▶ _Material supplied_:
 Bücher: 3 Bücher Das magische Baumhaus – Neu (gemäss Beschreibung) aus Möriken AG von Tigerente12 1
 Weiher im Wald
---
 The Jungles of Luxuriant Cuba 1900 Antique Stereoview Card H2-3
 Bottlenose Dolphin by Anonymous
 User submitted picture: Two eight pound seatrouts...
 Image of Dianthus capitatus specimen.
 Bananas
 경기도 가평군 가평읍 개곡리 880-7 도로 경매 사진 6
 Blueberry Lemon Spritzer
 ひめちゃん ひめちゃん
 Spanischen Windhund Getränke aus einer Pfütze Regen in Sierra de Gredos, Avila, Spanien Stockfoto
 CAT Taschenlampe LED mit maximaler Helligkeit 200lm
...
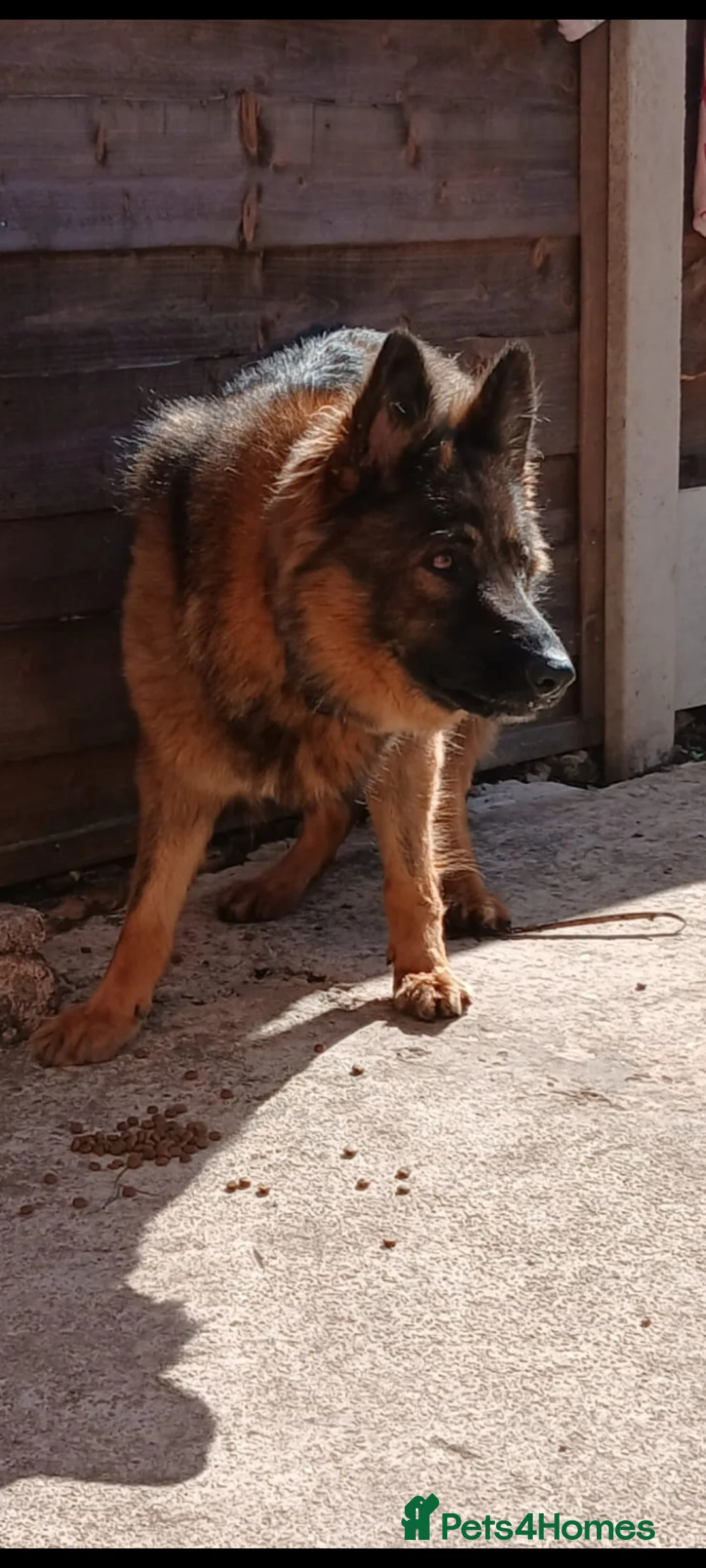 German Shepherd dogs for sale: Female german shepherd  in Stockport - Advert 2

▶ _What you will do_:
Retype exactly the lines of the data above that fall between the line with "Bottlenose Dolphin by Anonymous" and the line with "CAT Taschenlampe LED", inclusive, and add nothing.

▶ _Task answer_:
 Bottlenose Dolphin by Anonymous
 User submitted picture: Two eight pound seatrouts...
 Image of Dianthus capitatus specimen.
 Bananas
 경기도 가평군 가평읍 개곡리 880-7 도로 경매 사진 6
 Blueberry Lemon Spritzer
 ひめちゃん ひめちゃん
 Spanischen Windhund Getränke aus einer Pfütze Regen in Sierra de Gredos, Avila, Spanien Stockfoto
 CAT Taschenlampe LED mit maximaler Helligkeit 200lm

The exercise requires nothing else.